___ Input ___
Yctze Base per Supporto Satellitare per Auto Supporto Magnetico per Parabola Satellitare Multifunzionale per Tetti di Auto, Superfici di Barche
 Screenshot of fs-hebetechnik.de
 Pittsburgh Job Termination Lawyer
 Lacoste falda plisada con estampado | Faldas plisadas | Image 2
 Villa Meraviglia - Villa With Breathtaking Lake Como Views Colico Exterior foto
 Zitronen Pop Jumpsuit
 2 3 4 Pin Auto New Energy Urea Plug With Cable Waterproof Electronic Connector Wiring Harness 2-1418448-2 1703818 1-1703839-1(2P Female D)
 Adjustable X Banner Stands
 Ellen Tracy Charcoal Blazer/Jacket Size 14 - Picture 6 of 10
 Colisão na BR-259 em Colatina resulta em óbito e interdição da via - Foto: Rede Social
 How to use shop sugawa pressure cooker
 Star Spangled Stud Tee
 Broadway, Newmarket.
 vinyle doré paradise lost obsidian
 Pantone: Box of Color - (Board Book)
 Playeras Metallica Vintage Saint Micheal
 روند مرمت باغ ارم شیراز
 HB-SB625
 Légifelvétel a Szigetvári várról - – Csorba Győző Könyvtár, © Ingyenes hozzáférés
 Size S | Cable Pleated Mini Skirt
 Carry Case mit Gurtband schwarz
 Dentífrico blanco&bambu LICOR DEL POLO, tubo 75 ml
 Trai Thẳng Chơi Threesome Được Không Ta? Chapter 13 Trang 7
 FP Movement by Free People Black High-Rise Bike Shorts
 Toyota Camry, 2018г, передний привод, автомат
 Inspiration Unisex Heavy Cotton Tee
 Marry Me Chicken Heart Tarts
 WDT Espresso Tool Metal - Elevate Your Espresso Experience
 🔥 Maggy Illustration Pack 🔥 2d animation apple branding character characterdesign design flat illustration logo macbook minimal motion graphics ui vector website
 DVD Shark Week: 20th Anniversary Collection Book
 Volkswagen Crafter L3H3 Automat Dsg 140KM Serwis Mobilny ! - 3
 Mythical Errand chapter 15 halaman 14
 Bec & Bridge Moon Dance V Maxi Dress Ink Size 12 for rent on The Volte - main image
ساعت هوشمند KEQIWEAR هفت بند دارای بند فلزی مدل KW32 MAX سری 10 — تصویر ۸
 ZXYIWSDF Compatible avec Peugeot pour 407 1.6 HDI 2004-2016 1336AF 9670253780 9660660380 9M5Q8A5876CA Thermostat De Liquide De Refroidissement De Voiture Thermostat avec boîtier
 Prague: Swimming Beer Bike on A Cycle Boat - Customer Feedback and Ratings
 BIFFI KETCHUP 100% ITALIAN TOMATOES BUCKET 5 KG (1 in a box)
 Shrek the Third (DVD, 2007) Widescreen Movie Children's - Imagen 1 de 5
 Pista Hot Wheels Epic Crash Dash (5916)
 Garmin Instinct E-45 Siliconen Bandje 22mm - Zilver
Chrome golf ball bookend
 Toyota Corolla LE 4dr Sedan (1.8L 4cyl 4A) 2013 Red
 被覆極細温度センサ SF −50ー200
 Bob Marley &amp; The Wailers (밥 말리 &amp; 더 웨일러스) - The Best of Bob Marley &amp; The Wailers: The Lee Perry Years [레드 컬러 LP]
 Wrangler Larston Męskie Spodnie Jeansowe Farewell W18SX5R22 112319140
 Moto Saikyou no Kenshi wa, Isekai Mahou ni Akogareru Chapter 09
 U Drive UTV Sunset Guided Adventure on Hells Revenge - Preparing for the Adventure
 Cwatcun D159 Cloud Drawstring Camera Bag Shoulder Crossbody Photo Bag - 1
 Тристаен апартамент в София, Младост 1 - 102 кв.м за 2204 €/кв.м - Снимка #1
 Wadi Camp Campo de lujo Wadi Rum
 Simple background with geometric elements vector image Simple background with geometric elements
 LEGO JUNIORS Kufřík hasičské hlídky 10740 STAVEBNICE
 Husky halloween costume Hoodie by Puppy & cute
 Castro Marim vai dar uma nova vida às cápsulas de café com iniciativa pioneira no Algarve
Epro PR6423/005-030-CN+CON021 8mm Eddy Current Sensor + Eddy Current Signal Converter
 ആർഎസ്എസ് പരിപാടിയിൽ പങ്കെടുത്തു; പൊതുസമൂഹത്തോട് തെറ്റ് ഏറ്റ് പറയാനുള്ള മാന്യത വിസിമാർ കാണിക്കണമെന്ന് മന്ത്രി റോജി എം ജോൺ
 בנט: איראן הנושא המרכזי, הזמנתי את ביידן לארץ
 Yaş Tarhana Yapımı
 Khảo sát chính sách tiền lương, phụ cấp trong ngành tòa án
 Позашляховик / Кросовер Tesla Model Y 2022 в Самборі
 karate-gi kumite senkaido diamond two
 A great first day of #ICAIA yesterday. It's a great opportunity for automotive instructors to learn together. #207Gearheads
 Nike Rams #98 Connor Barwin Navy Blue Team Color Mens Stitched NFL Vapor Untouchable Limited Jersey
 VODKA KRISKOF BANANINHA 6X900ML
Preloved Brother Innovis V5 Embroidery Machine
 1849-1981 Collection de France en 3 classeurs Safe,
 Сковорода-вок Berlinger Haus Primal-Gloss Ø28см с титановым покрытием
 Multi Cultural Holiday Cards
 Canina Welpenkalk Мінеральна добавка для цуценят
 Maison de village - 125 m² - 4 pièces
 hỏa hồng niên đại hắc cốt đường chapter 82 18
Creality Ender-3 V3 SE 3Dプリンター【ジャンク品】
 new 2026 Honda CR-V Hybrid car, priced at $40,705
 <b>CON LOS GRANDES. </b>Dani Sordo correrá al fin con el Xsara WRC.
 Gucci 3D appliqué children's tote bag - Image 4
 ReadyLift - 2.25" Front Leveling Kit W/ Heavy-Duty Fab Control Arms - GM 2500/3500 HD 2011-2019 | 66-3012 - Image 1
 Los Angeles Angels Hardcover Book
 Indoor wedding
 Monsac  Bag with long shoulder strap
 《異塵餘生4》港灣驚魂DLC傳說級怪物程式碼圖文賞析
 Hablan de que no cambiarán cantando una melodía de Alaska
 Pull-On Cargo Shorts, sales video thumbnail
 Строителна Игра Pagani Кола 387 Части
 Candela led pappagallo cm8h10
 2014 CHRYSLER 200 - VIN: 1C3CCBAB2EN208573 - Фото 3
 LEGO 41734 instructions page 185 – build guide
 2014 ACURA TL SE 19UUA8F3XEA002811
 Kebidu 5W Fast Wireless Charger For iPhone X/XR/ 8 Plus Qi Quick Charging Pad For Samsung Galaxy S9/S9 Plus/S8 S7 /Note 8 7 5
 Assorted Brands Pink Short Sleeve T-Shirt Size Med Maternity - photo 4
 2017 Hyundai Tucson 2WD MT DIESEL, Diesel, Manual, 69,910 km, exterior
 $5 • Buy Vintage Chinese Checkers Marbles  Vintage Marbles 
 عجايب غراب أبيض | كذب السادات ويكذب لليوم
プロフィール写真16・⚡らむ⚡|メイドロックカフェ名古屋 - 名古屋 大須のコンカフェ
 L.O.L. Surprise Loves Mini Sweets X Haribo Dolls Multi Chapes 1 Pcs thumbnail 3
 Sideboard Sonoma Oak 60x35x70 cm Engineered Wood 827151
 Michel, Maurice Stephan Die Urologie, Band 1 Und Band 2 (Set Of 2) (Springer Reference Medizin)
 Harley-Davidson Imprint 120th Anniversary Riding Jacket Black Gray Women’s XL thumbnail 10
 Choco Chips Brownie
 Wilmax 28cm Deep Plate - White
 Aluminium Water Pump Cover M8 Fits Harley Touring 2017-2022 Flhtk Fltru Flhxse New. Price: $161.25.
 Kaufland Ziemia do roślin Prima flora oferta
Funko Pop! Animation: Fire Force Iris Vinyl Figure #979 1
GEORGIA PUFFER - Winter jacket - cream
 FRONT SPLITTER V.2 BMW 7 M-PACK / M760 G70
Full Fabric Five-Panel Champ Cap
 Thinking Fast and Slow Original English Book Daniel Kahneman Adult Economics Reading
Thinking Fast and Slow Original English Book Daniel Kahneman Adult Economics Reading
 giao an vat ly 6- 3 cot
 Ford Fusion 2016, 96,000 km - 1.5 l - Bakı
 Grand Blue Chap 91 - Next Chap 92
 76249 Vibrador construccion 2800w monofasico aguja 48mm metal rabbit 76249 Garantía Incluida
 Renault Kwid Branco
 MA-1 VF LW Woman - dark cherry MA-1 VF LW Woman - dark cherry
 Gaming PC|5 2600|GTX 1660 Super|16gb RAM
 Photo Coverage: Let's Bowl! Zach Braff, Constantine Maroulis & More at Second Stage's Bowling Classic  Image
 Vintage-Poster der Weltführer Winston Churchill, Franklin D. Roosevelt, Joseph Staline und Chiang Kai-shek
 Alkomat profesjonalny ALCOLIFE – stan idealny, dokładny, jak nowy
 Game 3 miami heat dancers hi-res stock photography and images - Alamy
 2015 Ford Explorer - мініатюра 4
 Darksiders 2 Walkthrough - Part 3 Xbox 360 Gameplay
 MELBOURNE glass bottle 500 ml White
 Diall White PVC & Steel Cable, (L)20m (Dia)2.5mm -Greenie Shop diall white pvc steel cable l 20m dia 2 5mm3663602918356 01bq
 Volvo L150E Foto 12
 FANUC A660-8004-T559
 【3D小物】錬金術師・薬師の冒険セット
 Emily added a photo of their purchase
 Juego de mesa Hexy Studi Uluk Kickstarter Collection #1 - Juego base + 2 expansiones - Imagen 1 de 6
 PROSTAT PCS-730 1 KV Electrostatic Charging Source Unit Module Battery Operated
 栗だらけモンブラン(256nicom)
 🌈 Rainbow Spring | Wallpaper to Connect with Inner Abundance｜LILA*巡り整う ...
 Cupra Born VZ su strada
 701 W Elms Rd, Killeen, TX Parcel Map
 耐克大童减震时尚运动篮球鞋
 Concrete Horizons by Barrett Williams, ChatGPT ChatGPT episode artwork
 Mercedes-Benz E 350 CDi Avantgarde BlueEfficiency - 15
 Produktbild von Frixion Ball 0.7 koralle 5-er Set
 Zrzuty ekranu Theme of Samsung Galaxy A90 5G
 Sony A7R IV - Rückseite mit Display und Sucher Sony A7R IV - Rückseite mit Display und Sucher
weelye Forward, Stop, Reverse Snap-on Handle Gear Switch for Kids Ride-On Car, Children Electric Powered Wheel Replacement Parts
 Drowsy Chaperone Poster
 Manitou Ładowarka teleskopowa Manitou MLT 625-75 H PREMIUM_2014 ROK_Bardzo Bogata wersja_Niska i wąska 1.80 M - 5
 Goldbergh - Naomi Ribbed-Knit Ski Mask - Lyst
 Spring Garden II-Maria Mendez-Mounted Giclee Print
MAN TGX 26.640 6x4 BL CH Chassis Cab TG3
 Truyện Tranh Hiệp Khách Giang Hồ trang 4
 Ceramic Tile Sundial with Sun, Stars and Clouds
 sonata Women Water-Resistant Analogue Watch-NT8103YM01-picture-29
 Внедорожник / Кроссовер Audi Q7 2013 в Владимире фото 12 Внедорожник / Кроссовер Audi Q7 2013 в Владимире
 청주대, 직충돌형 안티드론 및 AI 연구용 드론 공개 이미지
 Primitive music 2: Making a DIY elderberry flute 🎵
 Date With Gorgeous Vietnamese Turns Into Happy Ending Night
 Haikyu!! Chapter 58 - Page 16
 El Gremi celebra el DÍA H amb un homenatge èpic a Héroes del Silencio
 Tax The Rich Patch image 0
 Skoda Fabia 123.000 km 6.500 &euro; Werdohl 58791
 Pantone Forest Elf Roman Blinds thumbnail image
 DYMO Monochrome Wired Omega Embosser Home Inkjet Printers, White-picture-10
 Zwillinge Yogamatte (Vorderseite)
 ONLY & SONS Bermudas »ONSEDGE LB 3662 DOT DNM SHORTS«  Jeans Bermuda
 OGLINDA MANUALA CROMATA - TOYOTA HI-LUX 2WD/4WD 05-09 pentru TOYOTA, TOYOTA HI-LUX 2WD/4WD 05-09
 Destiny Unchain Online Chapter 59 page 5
___
Problem to work on »
The listing above holds a line with "Harley-Davidson Imprint 120th" and a line with "MA-1 VF LW Woman - dark cherry MA-1". Print the stretch from the first through the second, exactly and alone.

Answer box »
 Harley-Davidson Imprint 120th Anniversary Riding Jacket Black Gray Women’s XL thumbnail 10
 Choco Chips Brownie
 Wilmax 28cm Deep Plate - White
 Aluminium Water Pump Cover M8 Fits Harley Touring 2017-2022 Flhtk Fltru Flhxse New. Price: $161.25.
 Kaufland Ziemia do roślin Prima flora oferta
Funko Pop! Animation: Fire Force Iris Vinyl Figure #979 1
GEORGIA PUFFER - Winter jacket - cream
 FRONT SPLITTER V.2 BMW 7 M-PACK / M760 G70
Full Fabric Five-Panel Champ Cap
 Thinking Fast and Slow Original English Book Daniel Kahneman Adult Economics Reading
Thinking Fast and Slow Original English Book Daniel Kahneman Adult Economics Reading
 giao an vat ly 6- 3 cot
 Ford Fusion 2016, 96,000 km - 1.5 l - Bakı
 Grand Blue Chap 91 - Next Chap 92
 76249 Vibrador construccion 2800w monofasico aguja 48mm metal rabbit 76249 Garantía Incluida
 Renault Kwid Branco
 MA-1 VF LW Woman - dark cherry MA-1 VF LW Woman - dark cherry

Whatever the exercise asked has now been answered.